Post #36: Bausch(ian) Wisdom

Writing Advice

For me, one of Facebook’s on-going pleasures, and this is coming from a former Facebook doubter and critic turned addict, is getting status updates by the great writer Richard Bausch, who I met at Bread Loaf.  I’m sure he doesn’t remember me, or the rather hilarious hour we spent sipping whiskey together around a campfire, but something tells me Richard has been making impressions on people who he won’t remember a hell of a lot longer than I’ve been alive.   Either way, I’m pretty sure Richard wouldn’t mind me sharing his wisdom from a recent status, in which he writes:

“One of the most endearing things about all the writers I know–and I know a lot of them of course–is that not one of them has any material ambitions. They want money of course because they need it, but when they get it they use it mostly to buy one thing: Time. That’s all any of them want. To be able to purchase a little Time from the world’s daily demands, and they want that time, all of them that I know, for one reason. To work. No material matter comes close to that for them. I think that’s a wonderful thing. And when the various kinds of wrangling and petty quarrels and vanities arise that come from being human and trying to do something very hard in a world that is mostly indifferent–well, I try to remember that. It’s something very beautiful about us that we all share: that sweet almost child-like quality of wanting from the world only a little time to keep doing this thing we love so much that even when it tortures us we long to be there in it and with it.”

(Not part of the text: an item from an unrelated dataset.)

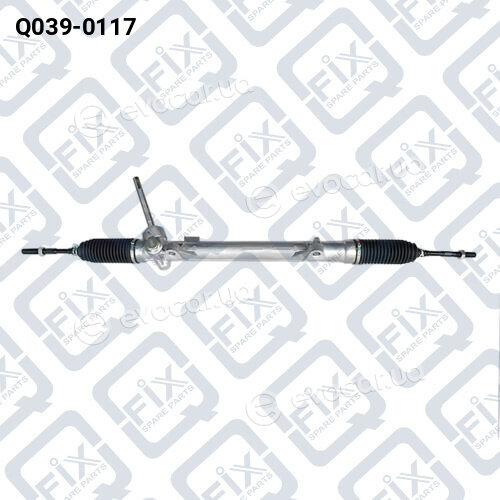 Q-Fix Q0390117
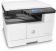 МФУ HP LaserJet M442dn (A3, ч/б, 24 стр/мин, дуплекс, USB&LAN)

You know that feeling when you hear something or read something and the sensation is that the speaker/creator has literally opened up your brain and surgically removed something you feel very deeply and then said it in a way that surpasses your own expressive capabilities and makes you understand that thing you felt even more deeply than you thought you did?  This was kind of like that for me.  I guess that’s the point of art, huh?

I figure since I’m borrowing Richard’s words, I should plug his wonderful book of short stories I read recently.  His stories will yank on your humanity.  They will humble you with their simple power.  They will clarify things you’ve been wondering about.